On the 25th of November 2019 I was introduced, by my collaborator Tom, to a song called Two Ghosts. He played me the song, describing it as a perfect summary of our shared practice with references to tattoos, hearts, and domesticity, then asked me to guess who was singing it. I was shocked to find out it was Harry Styles. Harry Styles is cool now? A month later, I found myself with very little to do over Christmas and had listened to both of Harry's solo albums too many times, this is when I first properly got into Larry Stylinson and started shipping it HARD. I need to specify this for two reasons: firstly, so that I don't get attacked by Larries (those who ship Louis and Harry together) and secondly for context. It doesn't feel too outlandish to suggest that all shipping is to some extent a reflection of the shipper's desires. I am queer, so the idea of Louis and Harry being conventionally gay for each other is a nice idea to me, but that isn't a relationship that I want for myself or that I've ever experienced. As an aromantic person, it's taken me a long time to realise that I'm still capable of feeling intense love for another person, and before I realised I was aromantic, it took me a long time to realise that these intense feelings of love weren't romantic and didn't need to be expressed sexually. No one has ever told me that non-romantic love could be as intense and valuable as romantic love, I had to learn that on my own, and maybe Louis and Harry had to as well.

I would request that you read this essay less as an essay and more as a fan fiction. I will present you with evidence and arguments, but I also understand that I am mostly projecting my desires onto these two men, just like everyone else trying to prove the validity or invalidity of Larry. This essay is not intended to be a criticism of Larries or antis, I don't think I'm a Larrie anymore but I'm certainly not an anti either. Every proof video makes me less sure of their romantic and sexual relations, yet more sure of their unlabelable love.
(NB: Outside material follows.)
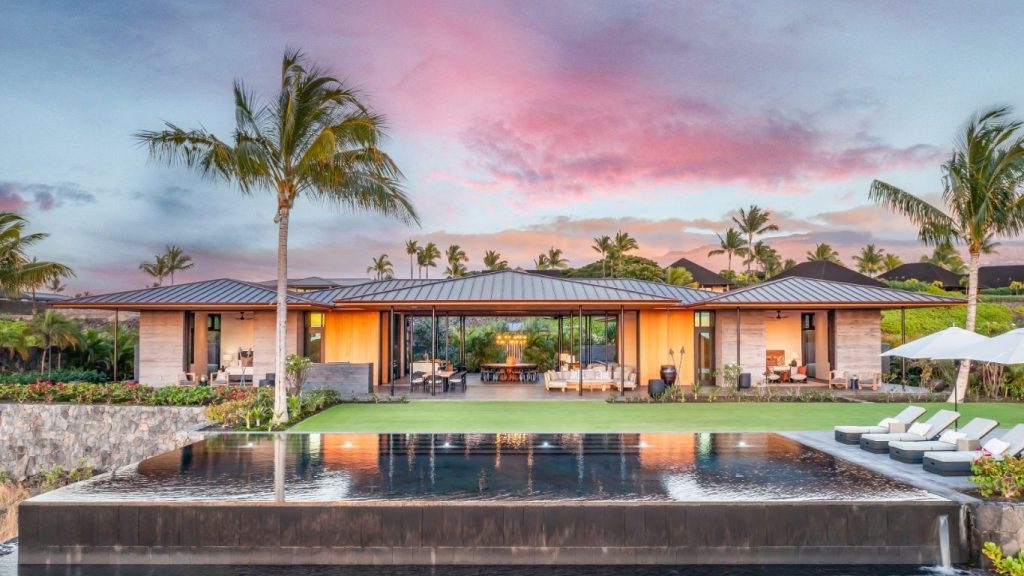 SOLD! Carrie Nicholson Presents A Front-Row Kohanaiki Estate On The Kona Coast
This essay will reference and unpack some popular Larry theories but maybe isn't even about Larry, it's perhaps more about Queer Domesticity, collaboration, and non-conventional expressions of love.

John Green, despite being part of one of my favourite non-romantic collaborative duos, is best known for his mildly cliched teen romance novels. A few weeks ago, I finally got round to reading his most recent book and was obsessed with the following quote: "It's a weird phrase in English, in love, like it's a sea you drown in or a town you live in. You don't get to be in anything else—in friendship or in anger or in hope. All you can be in is love." (Green, 2017). For a while I've wanted to write an essay about the intersections between fan art and collaboration, I'm yet to decide if I will ever write that essay or if I'm actually writing it right now. This essay that you're currently reading is perhaps more about my relationships with my collaborators, rather than about the logistics of our collaborative practices (if it is even possible to differentiate the two). What I love about this quote is that I simultaneously relate to it and strongly disagree with it. Whenever I read or hear or see anything that glorifies romantic love these days, I think about my collaborators. Collaboration feels like the closest I ever have or ever will be to that incredible, all-consuming feeling described in all the love songs, but I'm not in love, I'm in collaboration.